Seeking a compromise
Two years ago, Scottsdale hired independent consultants, Airport Business
Solutions (ABS) and The Aviation Group, to find an answer. Comments ABS
president Michael Hodges, "It was a unique project from the standpoint
of the airport having to be careful to protect the interests of the airport
tenants which are its primary revenue source, while protecting the tenants
of the Airpark who are vital contributors to the community."
An ABS analysis showed that tenants of the Airpark accounted for 10-15 percent of airport utilization, yet were actually paying 3-5 percent of airport revenues.
Explains Hodges, "We initially started by looking at a pure cost recovery structure for the Airpark's pro rata share of airport and operating cost. We looked at putting in gates and charging access fees based on size of aircraft; that way, it was truly a user fee. One of the problems was that certain users, such as recreational, may go in and out of a gate four or five times a day; it got to be unreasonable versus a corporate jet."
Adds Kinney, "There was a huge sticker shock associated with that. The Airpark folks just swelled up in opposition and felt that they became a stepchild overnight."
Implementing a plan
During the recent two-year reexamination process, a full-time person was
hired, dedicated to collecting airport rates and charges, which Kinney
admits were not being fully accounted for under the previous coupon system.

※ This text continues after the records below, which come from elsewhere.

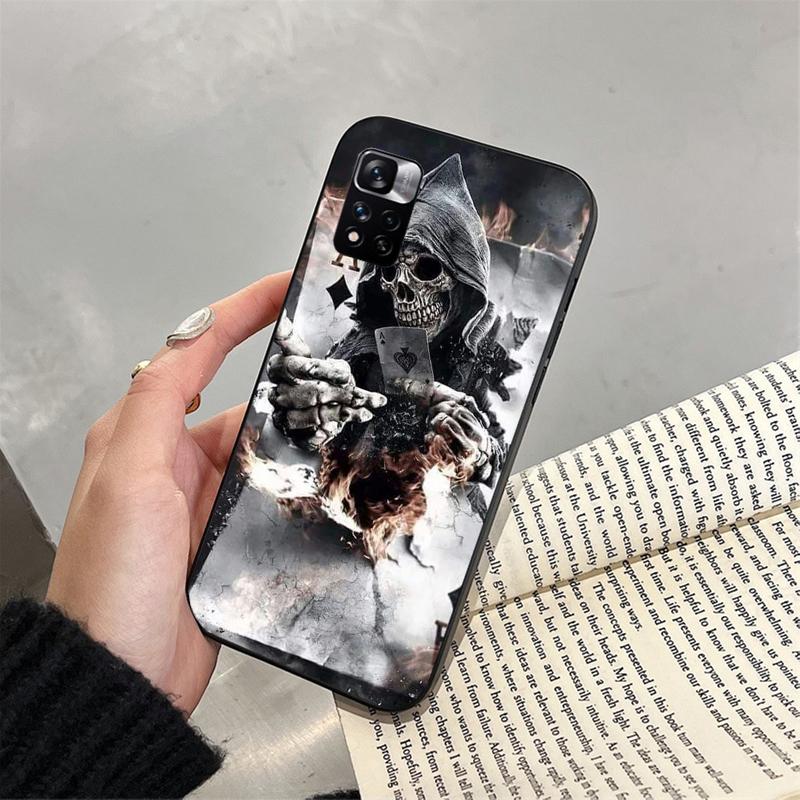 Phone Case For Xiaomi Redmi Note 13 12S 12 Pro 11S 11 10 Pro 10S 12S Redmi 10 10C 9C 13C Skull Skeleton Woman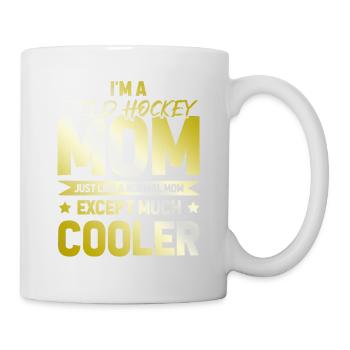 Feldhockey Mom - Tasse - Weiß - Rechts
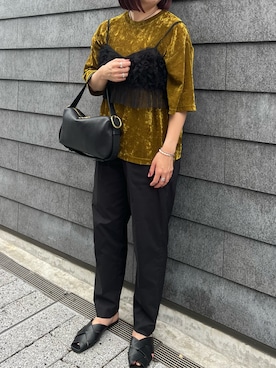 「TOFF&LOADSTONE（トフアンドロードストーン）のアイテム」を使った、ayakaさん（レディース・156cm）の秋コーディネート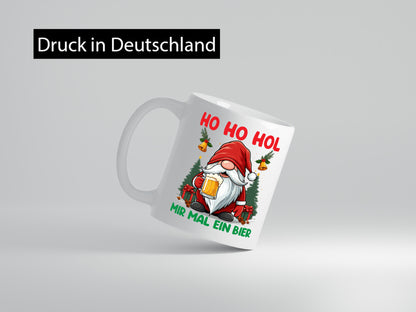 Hol mir mal ein Bier | Biertrinker Weihnachtsbier Humor Geschenkidee Tasse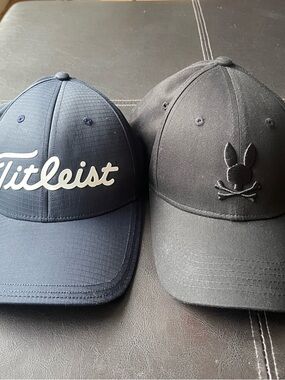 Titleist Navy and Black Adjustable Golf Cap - psycho bunny cap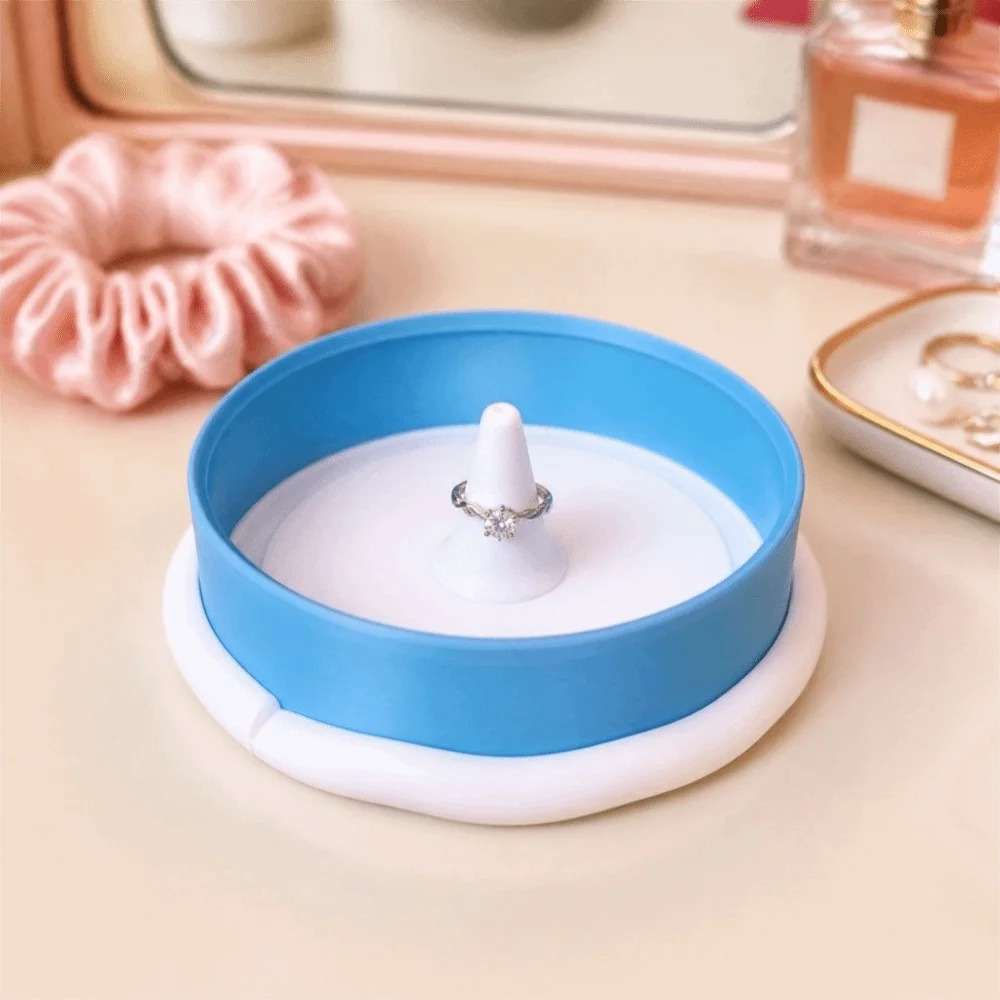 Cartoon Cake Shaped Jewelry Box Multi-Layer Compartment Multi-Layer Jewelry Organizer Multi Grid Desktop Earring Storage Case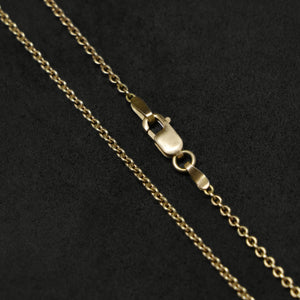 Chain closeup of Journey 18K Yellow Gold necklace with clasp by Caps Brothers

"We've increased revenues in terms of collections, almost to the
point of paying for that individual's salary package alone. It's also
helped us with more of a community policing-type approach, because we
have someone consistently interfacing with the tenants at the Airpark.
The new rate structure, approved in December, should improve the revenue stream even further, he says. It calls for all fuel farm operators to pay an 8 cents/gallon flowage fee. In addition, Airpark tenants also pay one-half the normal tiedown fee. "If you're doing condominium hangaring or office complexes so that you have capacity beyond your immediate fleet, then you would also pay 5 percent of that revenue," explains Kinney.
Says Hodges, "It's much more equitable than the previous system, one that most people felt comfortable with. It's a recognition that the Airpark tenants provide a definite benefit to the city and to the airport; it couldn't be a pure cost recovery system."
Regarding FAA's role, says Kinney, "They didn't have any direct guidance other than, ’control it at the gate.' They also felt that land-use measures were the best control."